Edit: Normally nowhere in the patent the lens type or lens mount is mentioned. The patent just covers the optical formula and other specific information like the use of special optical glass or DO elements.
That was a very insightful answer! Thanks. I wasn't sure where to look/what I was looking for to determine a potential flange distance. Your back focus explanation makes a lot of sense. So it certainly does seem geared toward an EF lens mount provided that a large barrel isn't included on the back of the lens.
 

NancyP

EOS 6D MK II
Dec 17, 2013
1,297
14
The users of supertelephoto lenses are action photographers - sports or wildlife. Zero viewfinder lag is highly important to them, so the DSLR is the expected camera for these lenses.
 

Maximilian

The dark side - I've been there
Nov 7, 2013
2,481
280
Germany
amorse said:
...
That was a very insightful answer! Thanks.
You're welcome! I had to learn such things, too. Although I thought I already have some insight into optical physics.

Yet another thing, people quite often get confused with:
When you read about the "Total lens length" then this does not mean the physical length of the lens barrel but the length of the optical formula from front element to image plane.
To get the physical length you have to subtract the flange distance, eg. about 44 mm for EF/EF-S lenses.
 

Talys

Canon 6DII
Feb 16, 2017
2,052
317
Vancouver, BC
NancyP said:
The users of supertelephoto lenses are action photographers - sports or wildlife. Zero viewfinder lag is highly important to them, so the DSLR is the expected camera for these lenses.
Not only the lag I. The viewfinder, but the blackout when your eye isn't in the VF, but as it approaches the eyepiece.
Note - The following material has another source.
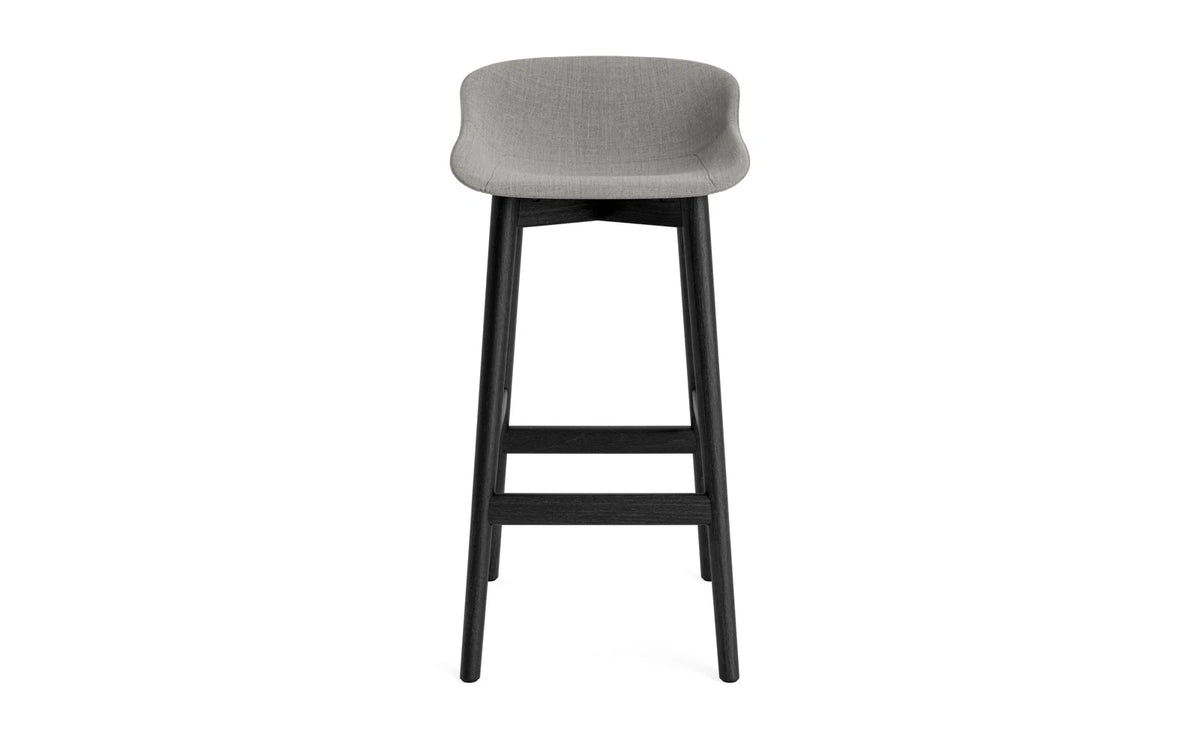 Hyg Barhocker 75 cm vollpolster schwarze Eiche Remix in Remix 133 präsentiert im Onlineshop von KAQTU Design AG. Barstuhl ist von Normann Copenhagen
It is there in all MILCs to save battery, and it is super annoying when shooting wildlife, as those are precious lost fractions of a second.
 

Busted Knuckles

Enjoy this breath and the next
Oct 2, 2013
203
0
Sorry for the hijack, just addressing the mirror issue..... With an "N" of 1. I used a Sony a6500 (mirror less APC) re: viewfinder. I turned off the screen and turned on the EVF to longest "on time" and then would occasionally do the 1/2 press to keep it turned o i.e. no start up lag, etc. (30 mins if memory serves me)

Shot over 6 hours on 1 little battery, chimping on the screen certainly kills battery.
-0- black out at 11 fps (tiny stutter but was able to keep all the birds in center frame all the time)
When I shot my 1dx EVERYONE within 50 meters knew I fired off a burst. When I shot the Sony NO ONE knew, even the guy 1 meter away. Virtually silent.

SOOOOOO. if you are into wildlife, the silence is golden. (though my otter shots came from my 1dx and his curiosity which was different than I expected)

I have both a 5d3 and a 1dx. 16-35 f4, 24 art, 50 art, 70-200 II, 150 -600 tammy, 90 T/S. All EF mounts. Rented Sony a6500, 5d4, 5dsR. (re-entered photo w/ a t3i which daughter now shoots occasionally) All told, quick file counts (don't delete anything, space is cheap) have the total frames at just below 250k

Skipping the 5d4/1dx2 generation. Looking forward to the 5dsR II (if it comes outs and wouldn't be so cool if it was mirror less).

All of this is to express - go rent one. Experience it. Yea the adapter kluge affected autofocus (cool Sony has peaking) but but but but but it is clear with a tech advancing (most places) as it is EVF will outperform the mirror - can't turn up the gain on a mirror like an EVF.

My experience leads me to pine for a Canon "pro" level mirror less. Wouldn't it be cool if they advance the SOA of the EVF and stick on the 5dSr replacement AND the 1Dx3.